Despite the 2.0-tonne-plus tare weight, Hyundai claims 0-100km/h times of 9.5 and 10.7 seconds respectively for the manual and auto, while the 0-400m dash is given at 16.2 and 17.0 seconds.
Hyundai also claims the auto, with its higher overall gearing, delivers the better fuel economy with 14.5L/100km on the city cycle and 9.5L/100km on the highway cycle.
Despite the growth in sales of this medium size class, Hyundai is conservatively predicting just 2000-2500 sales for Terracan over the first 12 months on sale. It predicts Highlander will take 60 per cent of those sales with most people buying either model opting for the auto.

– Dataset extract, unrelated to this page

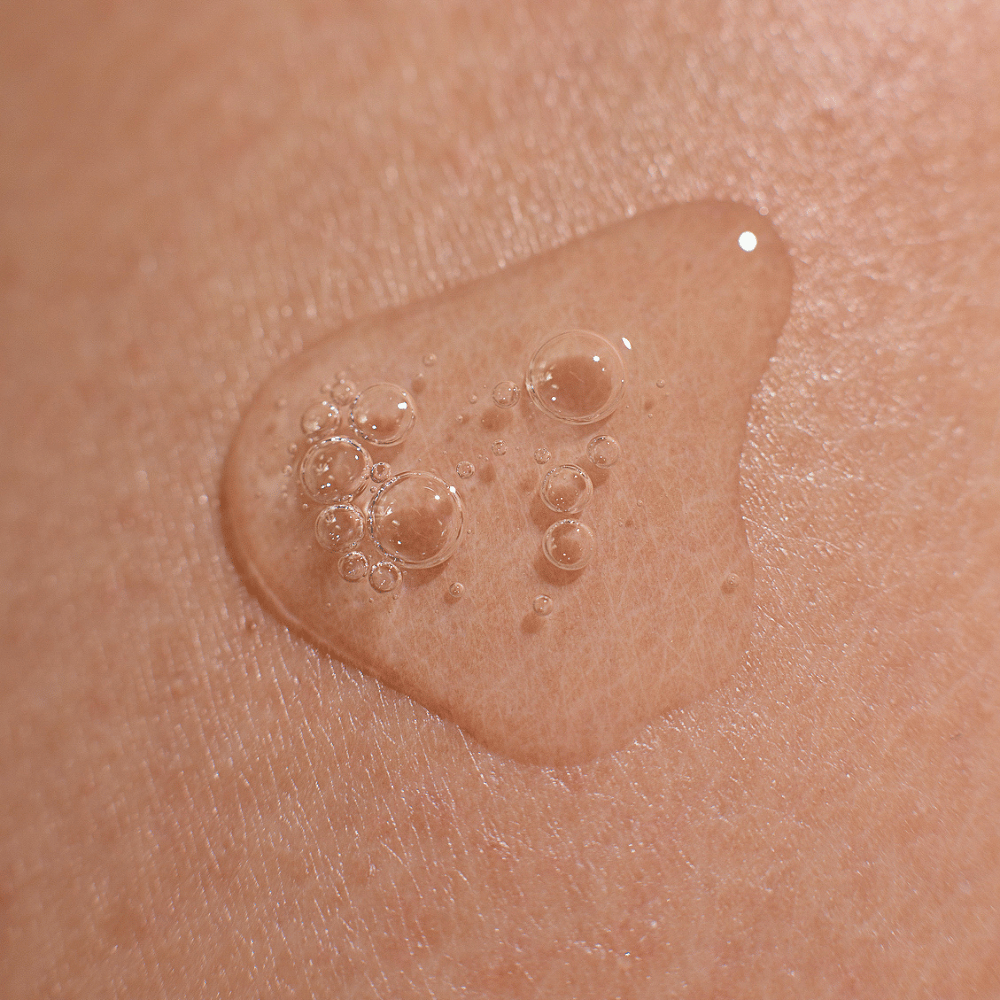 Serumas porų ir riebaluotumo mažinimui NIACINAMIDE+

That automatic model, incidentally, is the only one you can get right now. Because of production schedules at the Ulsan plant, the manual versions will not be on sale until late December or January.
Hyundai Terracan $36,990
Hyundai Terracan auto $39,980
Hyundai Terracan Highlander $42,990
Hyundai Terracan Highlander $46,980
DRIVE IMPRESSIONS:BEING good value for money is one thing, but being good value overall is quite another. Cars that struggle for quality engineering often attempt to keep up with keen pricing and a good equipment level.
After our introductory drive, it appears the Terracan falls into the "good overall" category, although we say that with some caution.
That is because our experience yo-yoed wildly depending on the car we were driving during the launch on NSW central west roads around Bathurst. The Highlander we sampled proved itself a stable, accurate and dependable mount on tarmac, on dirt, in town or in country.
It sat flat, rode all but the worst bumps efficiently, steered crisply and was a good drive - something not often associated with these big, heavy wagons.
Yet the Terracan we drove was skittish, uncertain in the steering, and more prone to body roll and upset - in other words it felt more like a 4WD wagon of this size and type should.
We reported our concerns to Hyundai and later investigation revealed a worn out shock absorber, which would certainly tally with the driving experience.
No debate about the engine, which is a gem - strong, smooth, quiet and prepared to work right through the range, ably assisted by the auto, which only transmitted any jarring back through to the driver on kick-down when urgent progress was demanded up hills or in a passing situation.
In reasonably serious off-road conditions it showed itself to be a competent performer. Low range gearing was suitable for steep downhill crawling while ground clearance was enough - while not up to Prado and Pajero standard - to negotiate most decent obstacles without too much contact being made underneath.
The interior is impressively smooth and well presented, even if it is not in keeping with the style Hyundai has established for other vehicles in its range recently, except for the fiddly audio head unit.
The car feels quite compact inside, yet that is misleading because there is plenty of room in the second row for full-size adults to sit behind a full-size driver. The third row is strictly kids only and the seats do not have headrests or fold cleverly into the floor, rather than being attached to the cabin sides.
The Terracan's lower ride height than Pajero and Prado succeeds in giving it a less truck-like feel, however, you are still high enough to have a good view, and that is aided by the acreage of glass.
Overall, the best of our experience indicates Terracan is a good place to be if you are interested in a mid-size four-wheel drive. The worst of our experience casts doubt on that, but that should have been a one-off problem only.
We look forward to driving it again more fully on more familiar territory.